The company will continue to lease 179 properties under five leases with HPT.

 

  • TravelCenters of America is No. 17 in CSP’s2018 Top 202 ranking of c-store chains by number of company-owned retail outlets.

“With the sale of the stand-alone convenience-store business concluded last month and the proceeds from that sale now committed to reduce TA’s leverage with the transaction announced today, TA can begin 2019 focused on our core travel-center business and thoughtfully pursuing growth opportunities that include network expansion and TA’s industry-leading truck service programs, while continuing to manage capital expenditures,” said Andrew Rebholz, TA's CEO.

In December 2018, TA completed the sale of 225 Minit Mart c-stores to Blackburn, U.K.-based EG Group. In April 2018, EG Group acquired the 762-site U.S. c-store business from The Kroger Co., Cincinnati.

TA’s aggregate minimum annual rent due to HPT will be reduced by $43.1 million, and the term of each lease will be extended. Upon completion of TA’s acquisition of the 20 travel centers, the aggregate minimum annual rent due under TA’s five leases with HPT will be reduced to $243.9 million. The term of each lease will be extended by three years.

TA said it has agreed to repay its $150 million deferred rent obligation to HPT at a discounted amount of $70.5 million, which will be paid to HPT in 16 equal quarterly installments beginning April 1, 2019. This obligation previously had been payable in five installments at staggered due dates between June 2024 and December 2030.

Benefits

Rebholz said he expects the agreements to benefit TA in several ways. They will:

  • Significantly reduce TA’s rental expense and improve TA’s operating and financial leverage; TA’s leverage ratio of 6.8x for the 12 months ended Sept. 30, 2018, improves to 3.5x on a pro forma basis for this transaction.
  • Significantly increase TA’s potential net operating cash flows and annual free cash flow.
  • Provide TA with greater financial flexibility.
  • Increase the number of unencumbered travel centers TA owns from 32 to 52.
  • Address uncertainty surrounding the deferred rent obligation while providing for a reduced amount to be paid.

HPT said it expects to use the proceeds from these sales to repay borrowings under its revolving credit facility and for general business purposes. It also expects the agreements to result in stronger property-level rent coverage for its travel-center portfolio.

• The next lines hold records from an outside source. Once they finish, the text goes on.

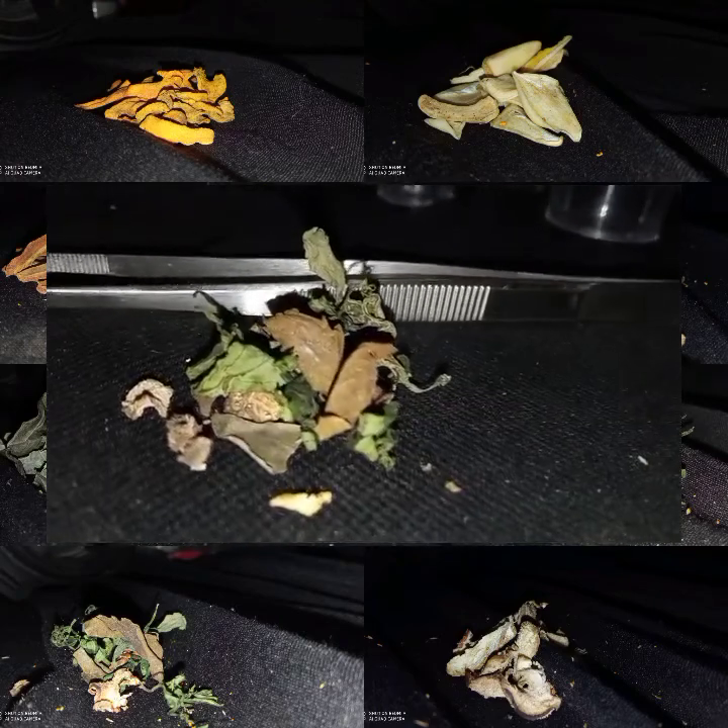Simplicia ini berupa daun kering yang mudah hancur, memiliki bau harum, serta warna daun hijau jernih berupa warna coklat kehitaman, serta memiliki rasa pahit. Daun siri dengan nama latin Piper Betel dengan familia Piperaceae.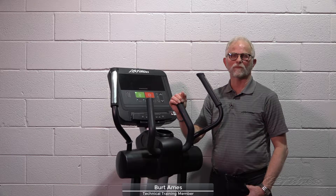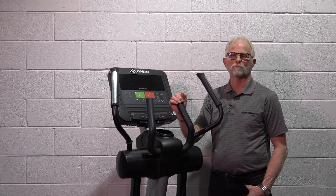Hi, I'm Burt, a member of the Life Fitness Technical Training Team. Today we're going to be talking about unresponsive buttons on an Integrity C console.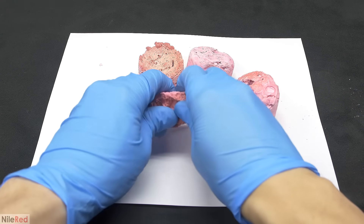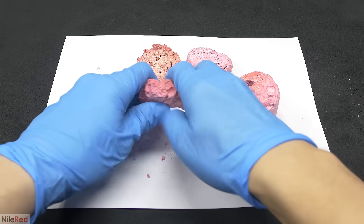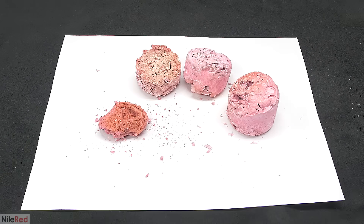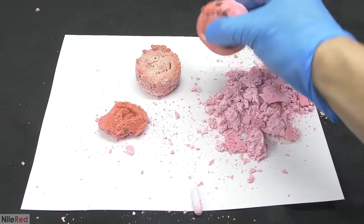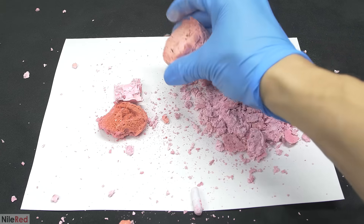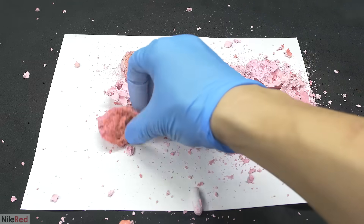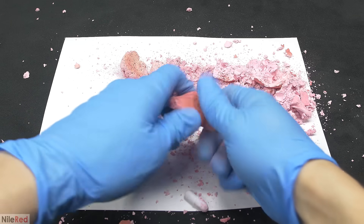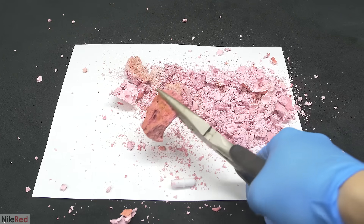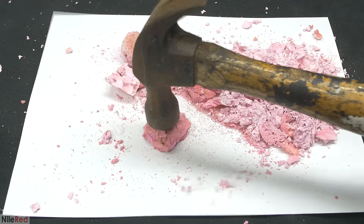They were transferred to a piece of paper, and I tested their properties, basically by trying to break them. The first one was the most dense, and it was made when I added the hydrochloric acid slowly. It was actually quite tough, and using just my hands, I wasn't able to break it. The more puffed up ones were very brittle and very easy to crush with my hand. Coming back to the denser one, it was actually pretty tough and I needed pliers to break it. Just for fun, I decided to hit the piece with a hammer, and again, it was surprisingly strong.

The lease amendments also will increase the potential percentage rent payable by TA to HPT beginning in 2020 by an amount equal to 0.5% of the excess of nonfuel revenues at each leased site over the nonfuel revenues for 2019. Currently, percentage rent payable to HPT is determined as 3% of any increases in nonfuel revenues at each leased site over the applicable base year, which is 2015 for four of the leases (144 sites) and 2012 for one of the leases (35 sites) and the agreements do not change this calculation, the company said. For the 12 months ended Sept. 30, 2018, TA’s total percentage rent payable to HPT for the 179 sites TA will continue to lease from HPT was $3.3 million, it said.

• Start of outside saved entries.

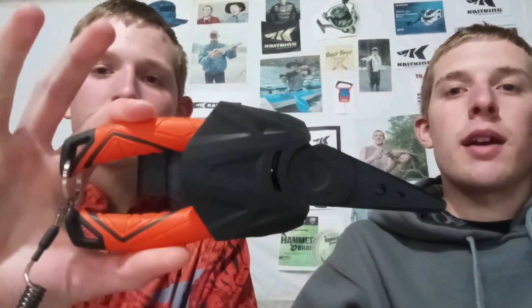Welcome back everyone to our Bass Brothers video. We're going over the Casting Paradox fishing pliers today and we're going to do a brief overview of what they look like. Let's get right into it.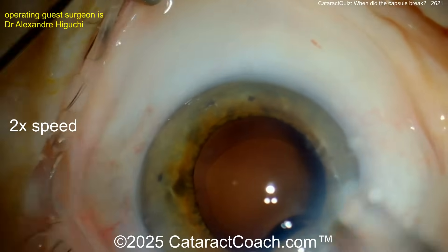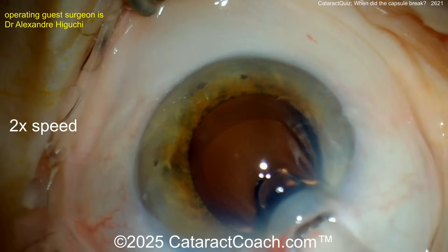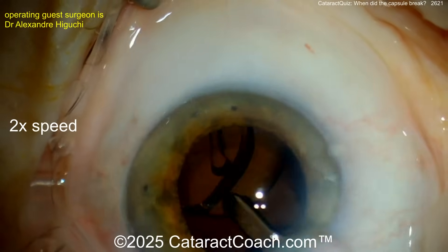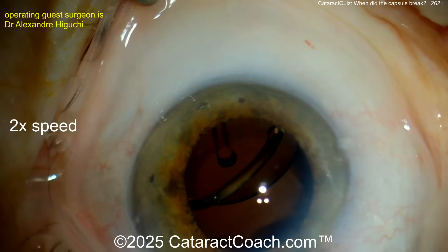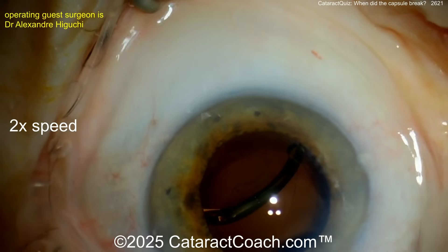Viscoelastic is placed and the lens comes in. The surgeon at this point still doesn't realize. Watch carefully — the lens goes in and it's a toric trifocal, but it just looks too deep. It's not centered at all. Whoa — where is that leading haptic going?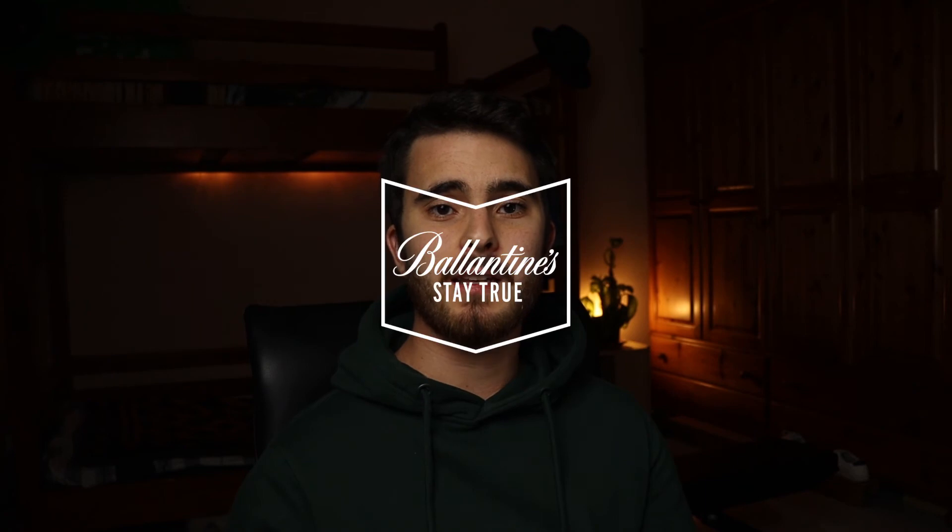I positioned my key light at a 45 degree angle and used a warm light rather than a white light. I have a bad habit of centering my subject, and that's why I decided to move the glass and the bottle slightly to the right. This then allowed me to add the Ballantine's logo in the top left corner of the photo.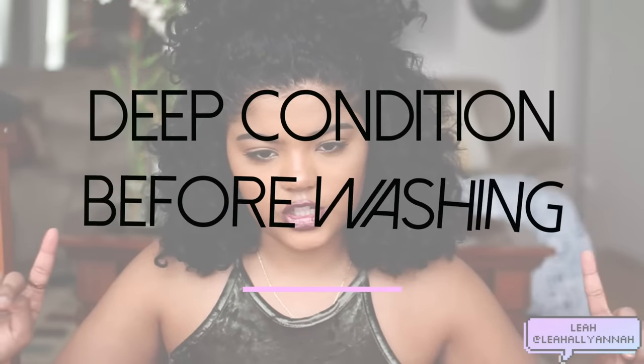My next tip is to deep condition before washing. Deep conditioning is so important for curly hair because curly hair just gets really dry. You have the brittle cold wind just hitting your hair, breaking it, making it dry — so you need that extra moisture. I cannot stress how much moisture curly hair needs, especially in the winter. What I like to do is deep condition before any wash because it's just a little step that really makes a difference in your routine.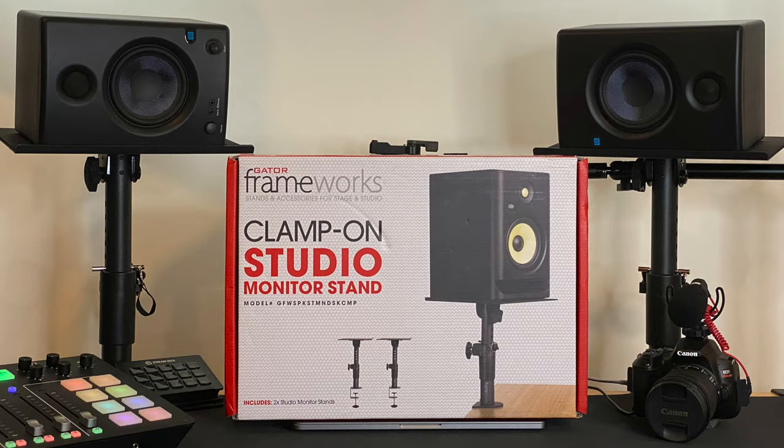Hey, what's up? I'm Basil Barrington, and today we are going to review the Gator Framework Desktop Clamp-On Studio Monitor Stands. I've been looking at these things for over a year, and I just picked them up, so let's check it out.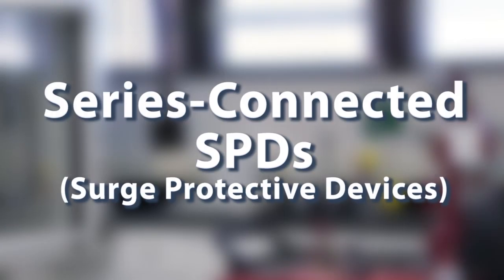Hello, my name is Ron Hotchkiss and I'm the Vice President of Engineering for Surge Suppression Incorporated. Welcome to Tech Talk. Today we're going to talk about series connected SPDs.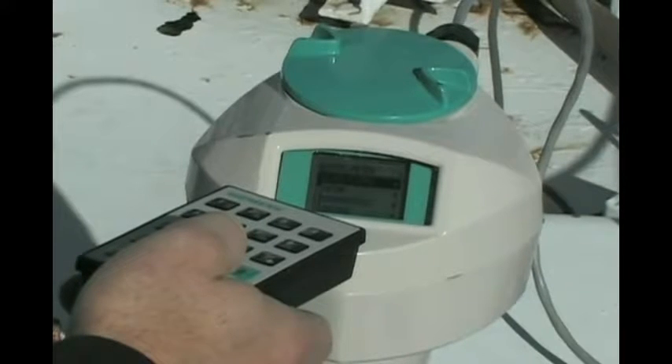Programming the LR260 is really easy with the infrared handheld programmer and the built-in quick start wizard. The quick start wizard prompts the user to enter all the required information, which is really only a few steps. Most people will be able to get the LR260 up and running in just a couple of minutes.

"The sales unlock value in our existing asset base and provide liquidity for additional hotel investments," said John Murray, president and CEO of HPT. "These agreements enable HPT to improve the quality of its travel-center portfolio by materially improving the aggregate coverage of minimum rents for the portfolio. As we move into the 10th year of this economic recovery, materially improving rent coverage for a tenant that accounts for approximately one-third of HPT’s returns helps HPT maintain secure, steady cash flows and provides our largest tenant financial flexibility to help weather any potential economic downturns in the future."

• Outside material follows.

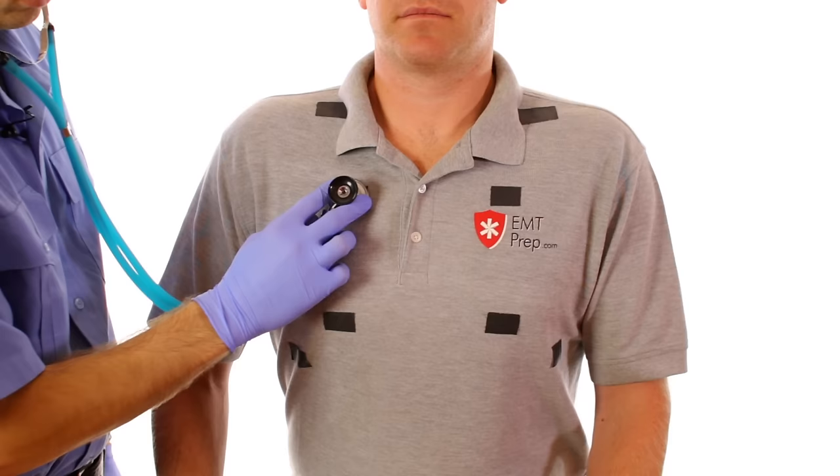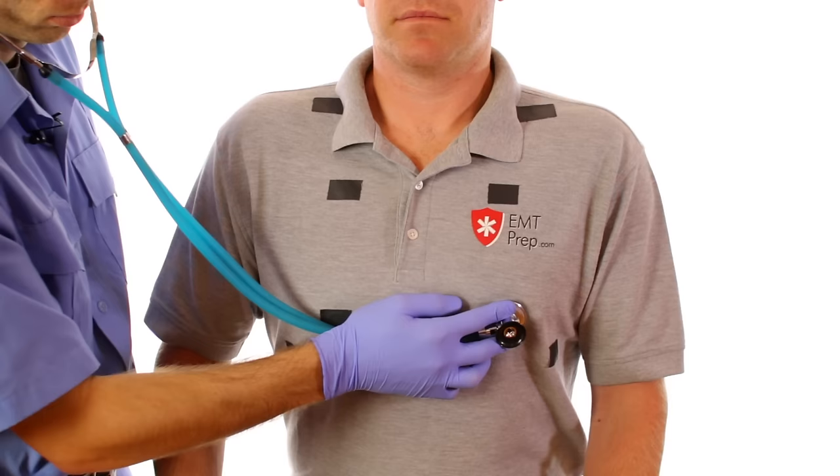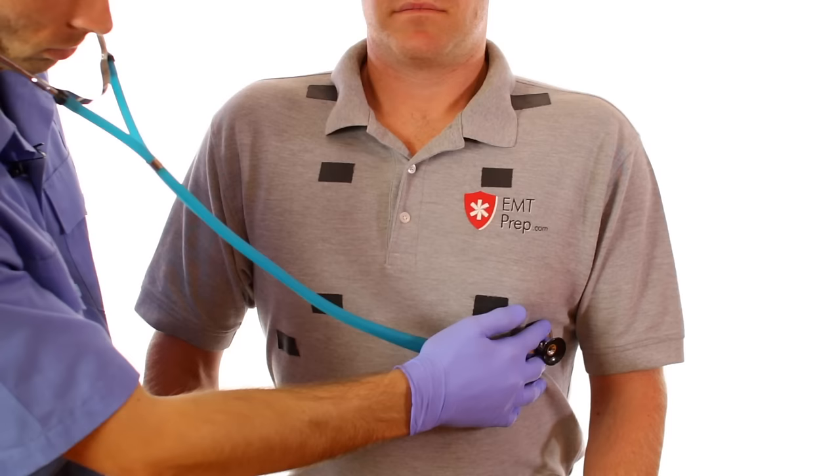Start just above the clavicle to measure the apex of each lung. Move down to the upper lobes, then to the middle lobe of the right lung and the upper lobe of the left lung. Finish by auscultating the lower lobes of each lung.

Newton, Mass.-based HPT is a lodging and travel center real-estate investment trust.

Westlake, Ohio-based TA's nationwide business includes more than 250 travel centers in 43 U.S. states and in Canada and stand-alone restaurants in 13 states. TA's travel centers operate under the TravelCenters of America, TA, TA Express, Petro Stopping Centers and Petro brand names and offer diesel and gasoline fueling, restaurants, truck repair services, travel centers and convenience stores and other services. Its stand-alone restaurants operate principally under the Quaker Steak & Lube brand name.